A Colombia se le ha olvidado que sin empresas que arriesguen capital, no hay crecimiento, ni Estado, ni bienestar.
La economía es, ante todo, una red de confianza. Empieza cuando una persona, en vez de gastarse todo su ingreso, decide ahorrar y recibir rendimientos por ese esfuerzo.
Ese ahorro, sumado al de millones más, llega al sistema financiero y de allí se transforma en crédito para empresas, emprendimientos e inversión pública y privada.
En ese punto arranca la rueda del crecimiento: alguien toma un riesgo, monta un negocio, contrata empleados, vende un producto o servicio y genera valor.
Con ese valor se pagan sueldos, se consume, se reinvierte y se pagan impuestos que alimentan al Estado. Todo parece básico.
De primer semestre de universidad. Pero a Colombia se le ha olvidado. El debate económico actual, dominado por el populismo y la sospecha ideológica, ignora estas verdades fundamentales. Se estigmatiza al que invierte, al que genera empleo, al que busca rentabilidad.

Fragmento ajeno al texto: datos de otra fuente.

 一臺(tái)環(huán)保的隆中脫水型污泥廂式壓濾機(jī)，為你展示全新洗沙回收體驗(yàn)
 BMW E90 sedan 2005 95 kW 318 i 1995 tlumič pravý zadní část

Se habla como si la riqueza surgiera espontáneamente, como si bastara con decretarla para que existiera y para que surgiera. Y cuando eso ocurre, no solo se debilita la inversión, sino que también se pone en jaque la sostenibilidad del Estado mismo.
Recordemos de dónde salen los impuestos: los ingresos tributarios de la Nación vienen en su gran mayoría del sector privado, especialmente de empresas formales.

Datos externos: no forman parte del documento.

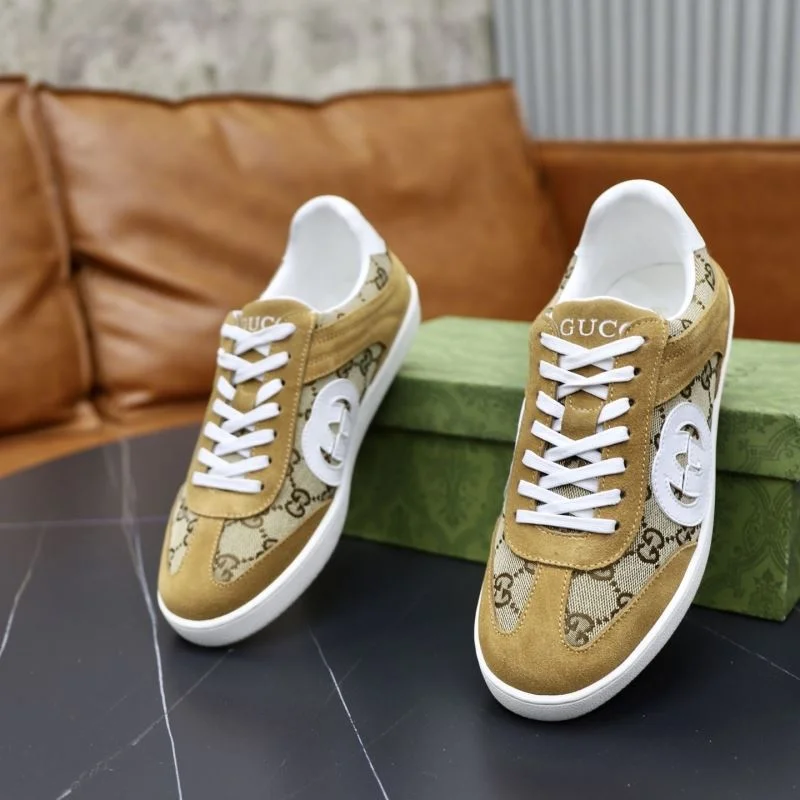 Trendsetting Gucci Low Shoes 25404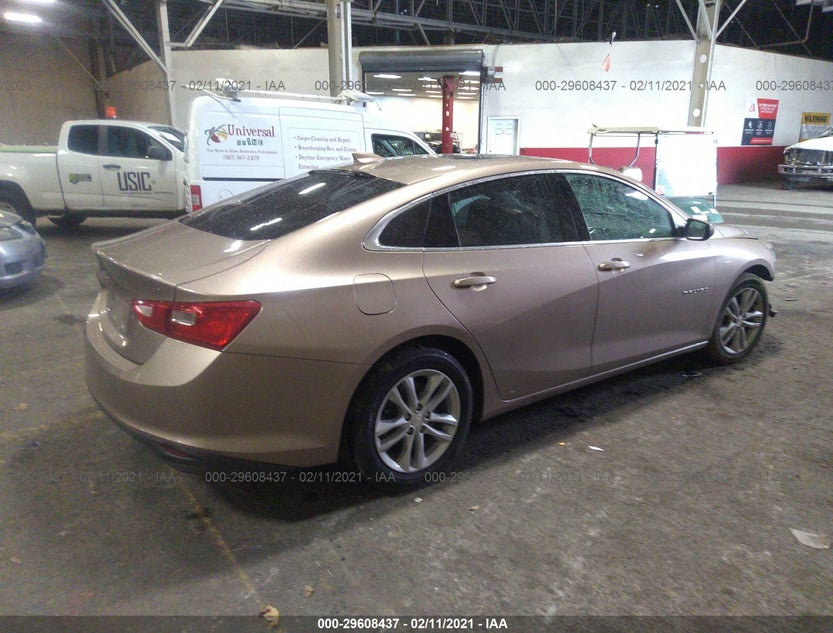 1G1ZD5ST4JF172037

No de la minería ilegal, ni del contrabando, ni de las ideas mágicas. Vienen de empresarios, grandes, medianos y pequeños, que toman riesgos y, muchas veces, pierden en ese propósito.
Que luchan contra la inseguridad jurídica, la inestabilidad fiscal y la tramitomanía. Y que, a pesar de todo, siguen creando empleo y sosteniendo buena parte del tejido social. En vez de agradecerles, los ponemos en la mira.

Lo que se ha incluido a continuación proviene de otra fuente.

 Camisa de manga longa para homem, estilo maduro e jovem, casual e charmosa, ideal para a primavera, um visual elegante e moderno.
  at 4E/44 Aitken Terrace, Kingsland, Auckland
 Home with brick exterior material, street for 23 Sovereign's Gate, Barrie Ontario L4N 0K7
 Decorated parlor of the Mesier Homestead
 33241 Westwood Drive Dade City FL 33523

El inversionista que monta una planta, trae capital y genera empleos termina bajo sospecha. El exportador que compite con Asia recibe más trabas que estímulos. El emprendedor que levanta capital en el extranjero es tildado de oportunista. Y mientras tanto, los discursos oficiales celebran el estatismo como eje central (cosa que ha fracasado en todas las naciones que lo han implementado) y las soluciones por decreto.
Así no se construye un país. El desarrollo económico no es un favor que hace el Estado. Es el resultado de miles de decisiones privadas que apuestan por el futuro y que necesitan reglas claras, instituciones serias y un entorno competitivo. Sin inversión privada no hay empleo digno, ni recaudo suficiente, ni plata para salud, educación o transición energética. Lo entendieron países como Corea del Sur, Finlandia o Irlanda: sin empresarios no hay impuestos; sin impuestos no hay Estado; sin Estado no hay bienestar. Incluso los países nórdicos, tan admirados por algunos sectores, sustentan su modelo social en economías vibrantes, con empresas fuertes y mercados abiertos.
En Colombia, en cambio, se promueve la desconfianza. Se cambian las reglas de juego cada año. Se penaliza al que tiene éxito. Y se olvida que el progreso solo se construye con inversión, productividad y confianza mutua.
Es hora de volver a lo básico: sin ahorro, sin inversión, sin generación de riqueza, no hay futuro. Y ese futuro no lo garantiza un gobierno, sino que lo construye una sociedad que cree en sí misma, que arriesga, que trabaja y que innova.